* **INPUT RECORDS**
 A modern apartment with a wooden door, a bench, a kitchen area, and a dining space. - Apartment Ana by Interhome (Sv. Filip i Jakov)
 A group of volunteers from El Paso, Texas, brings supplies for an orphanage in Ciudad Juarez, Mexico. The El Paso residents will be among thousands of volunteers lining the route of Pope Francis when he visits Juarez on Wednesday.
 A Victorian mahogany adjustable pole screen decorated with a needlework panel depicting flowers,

---

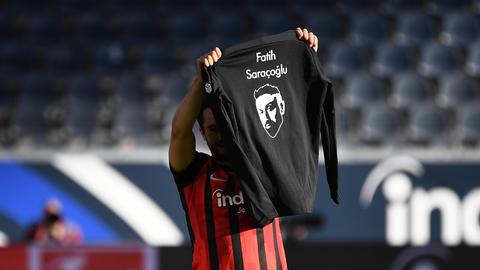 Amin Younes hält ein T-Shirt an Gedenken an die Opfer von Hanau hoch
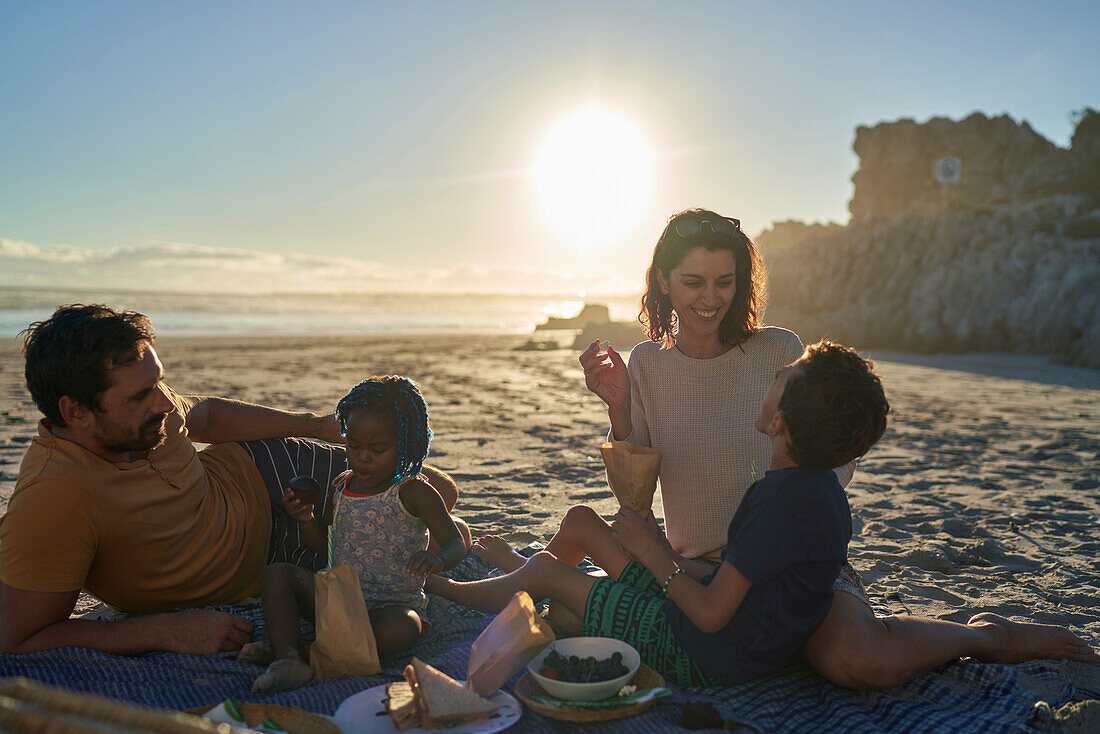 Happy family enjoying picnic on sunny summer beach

==

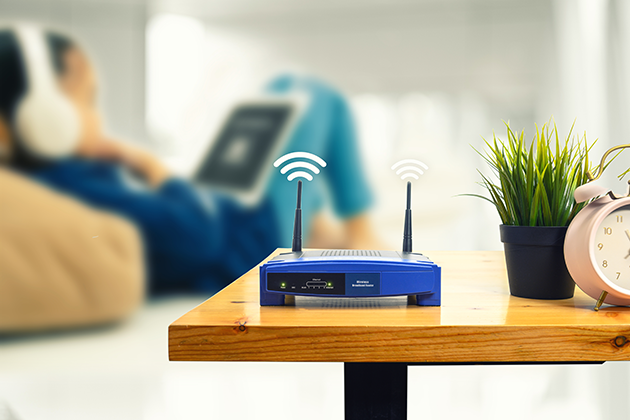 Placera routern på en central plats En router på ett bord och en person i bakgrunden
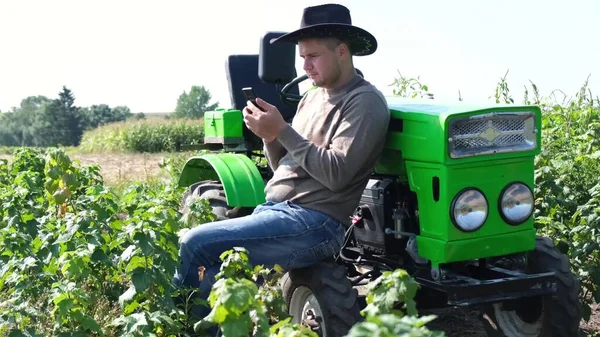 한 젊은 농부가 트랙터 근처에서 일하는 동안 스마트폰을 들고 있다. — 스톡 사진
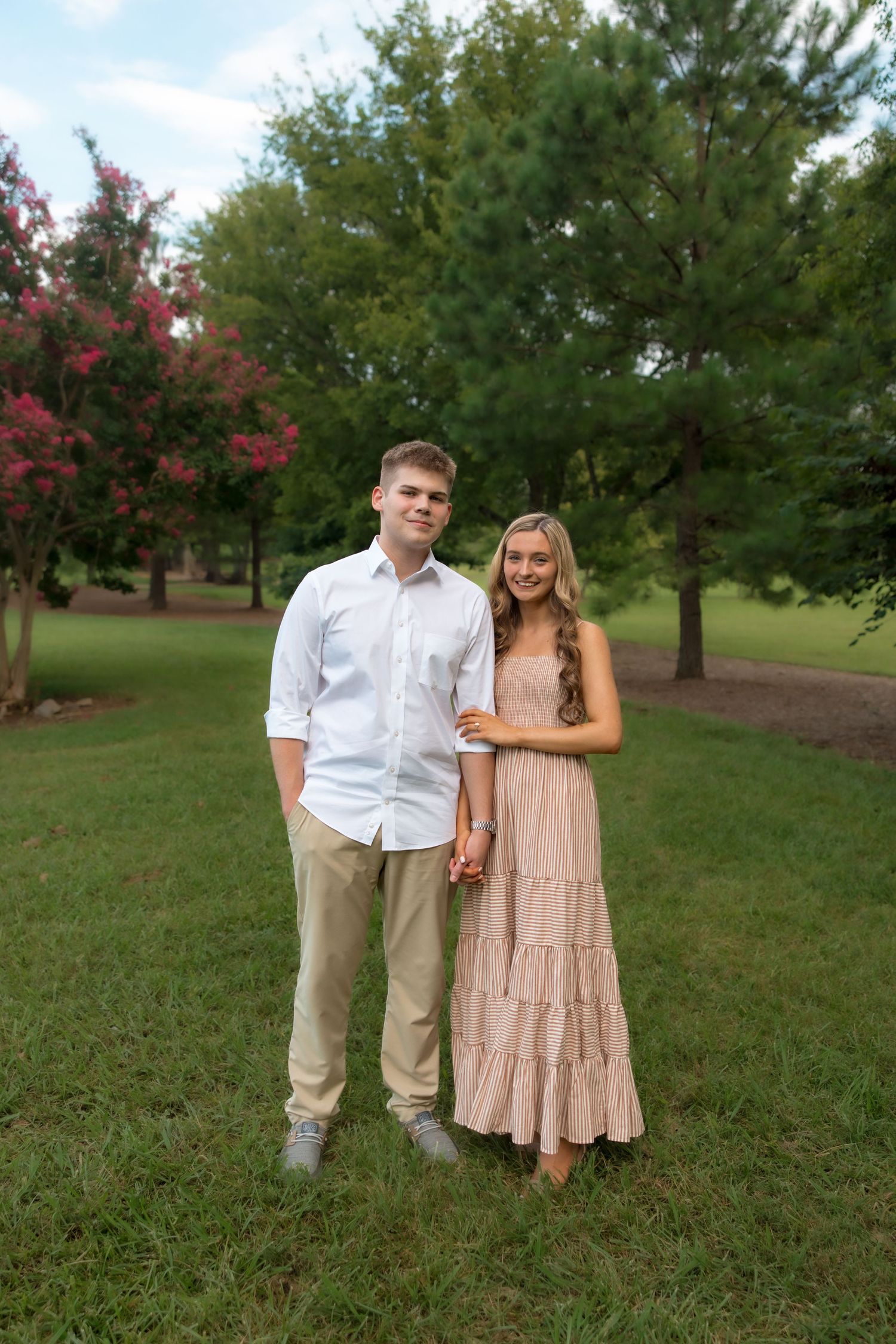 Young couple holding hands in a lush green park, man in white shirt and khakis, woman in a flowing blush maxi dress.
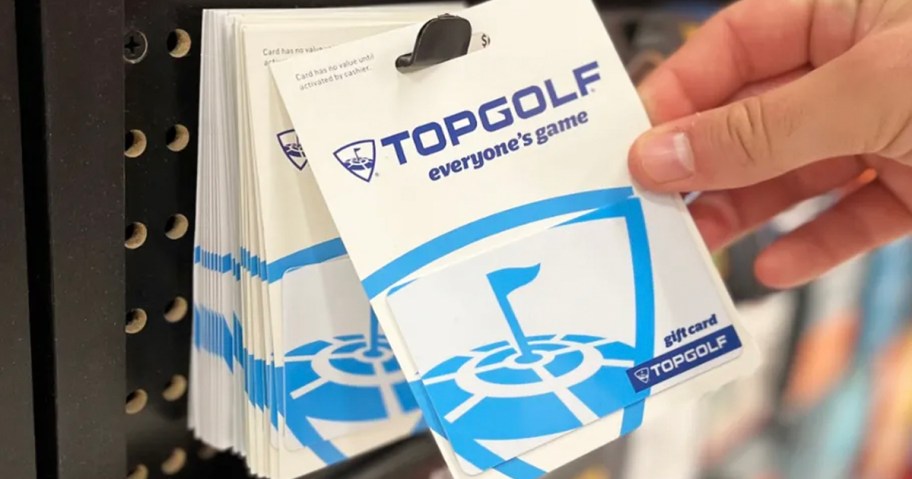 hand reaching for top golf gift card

* **BRIEF**
In the records above, find each line that holds the word "with"; copy all such lines.

* **SOLUTION TO THIS PROBLEM**
 A modern apartment with a wooden door, a bench, a kitchen area, and a dining space. - Apartment Ana by Interhome (Sv. Filip i Jakov)
 A Victorian mahogany adjustable pole screen decorated with a needlework panel depicting flowers,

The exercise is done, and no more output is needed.